The resulting temperature gradient throughout the troposphere in each hemisphere (warmer at lower latitudes and cooler at higher latitudes) has consequences, namely in helping to create horizontal pressure gradients aloft. To see what I mean, examine the schematic below, which shows the air molecules in three idealized, sealed air columns. Imagine that the column on the left is a warm, low-latitude air column, the column in the middle represents an air column in the middle latitudes, and the column on the right represents a cold, high-latitude air column near the North Pole.

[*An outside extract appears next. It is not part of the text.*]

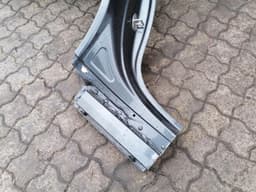AUDI Audi E-Tron GT Right Rear Wing 4J3809838 Rear Right Fender — thumbnail 3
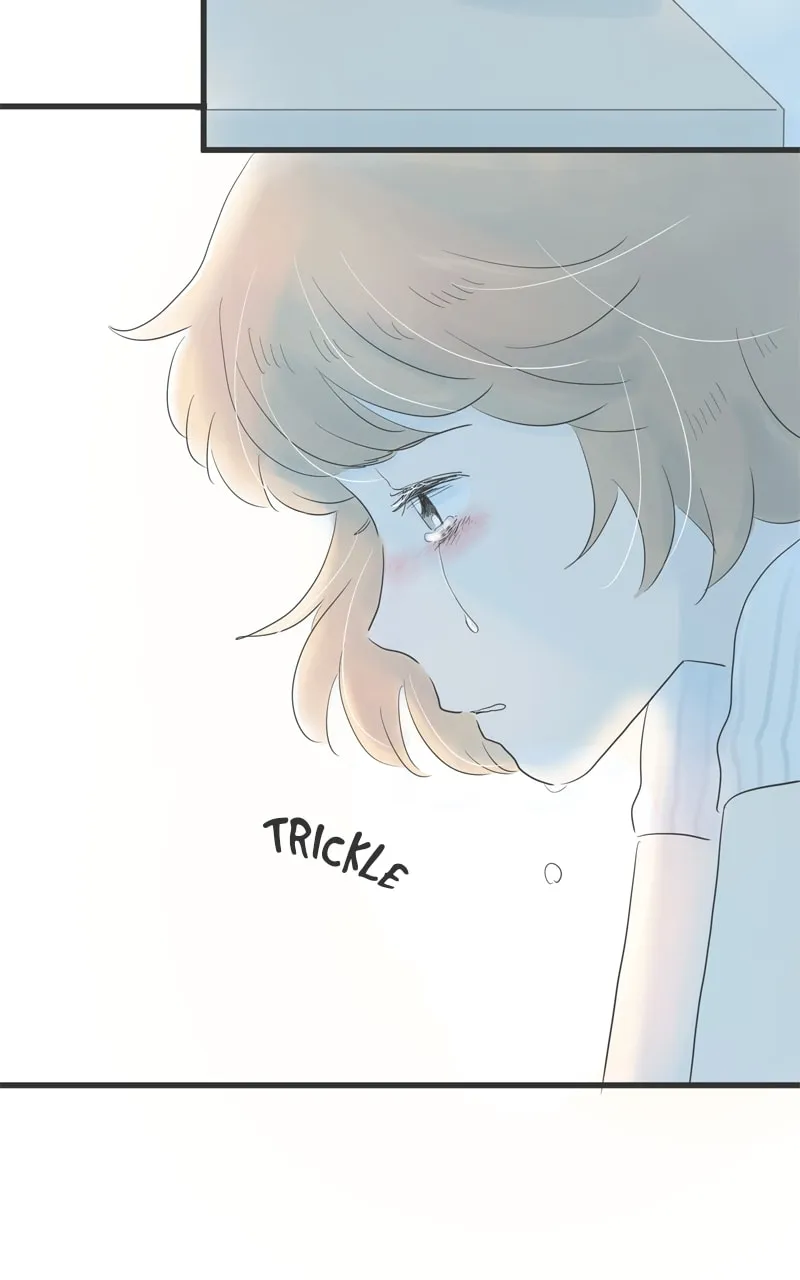Read Amid the Changing Seasons chapter 99 image 42 on Lezhin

See preceding paragraph and caption.
Air molecules are more spread out vertically in warmer air columns, while they're more densely packed at lower altitudes in cold air columns. Therefore, pressure decreases faster with increasing height in colder air columns.
Credit: David Babb

Now, recall that pressure always decreases with increasing height in the atmosphere (the higher you go up, the fewer air molecules are above you). So, pressure decreases with increasing height in each of these air columns, but notice how the pressure has decreased from the value at the surface (likely near 1000 millibars) to 500 millibars at a different altitude in each column. The altitude where the pressure is 500 millibars is highest in the warmest column and is lowest in the coldest column. Because colder air is denser, air molecules huddle closer together at lower altitudes in colder air columns, meaning more of the column's weight is distributed in the lower part of the column. Meanwhile, in warmer columns, air molecules are less tightly packed and more spread out vertically in the column. This observation is along the lines of the balloon experiment we conducted earlier in the course, too. When the burner was turned on and the air warmed up, the number of air molecules in the bottle and balloon didn't change, but the balloon expanded as the air molecules occupied a larger space (the air became less dense as it warmed up).

The end result is that pressure decreases more rapidly with increasing height in colder air columns than in warmer ones, which has consequences for horizontal pressure gradients aloft. In the schematic above, note the altitude where the pressure is 500 millibars (marked by the yellow dashed line) in the warm air column. In the colder air columns, the pressure at the same altitude is some value less than 500 millibars (and would be lowest at that altitude on the coldest air column) because fewer air molecules exist above that altitude. So, at any given fixed altitude above the surface in the troposphere, on average, the pressure will be lower in the colder air columns closer to the poles than in the warmer columns closer to the equator, as suggested by this map of approximate yearly average pressure near 20,000 feet.

The map of approximate yearly average pressure near 20,000 feet also shows that horizontal pressure gradients exist over the middle latitudes, resulting in a pressure gradient force aloft that points from low latitudes toward the poles. But, of course, air doesn't flow directly from low latitudes toward the poles in line with the pressure-gradient force. The Coriolis force deflects the air toward the right in the Northern Hemisphere (toward the left in the Southern Hemisphere), which creates a predominant west-to-east flow aloft in the middle latitudes of the Northern Hemisphere. In fact, this flow culminates in something near the top of the troposphere that you may have heard of -- the jet stream, which is a relatively narrow channel of fast winds that blows generally from west to east in the upper troposphere.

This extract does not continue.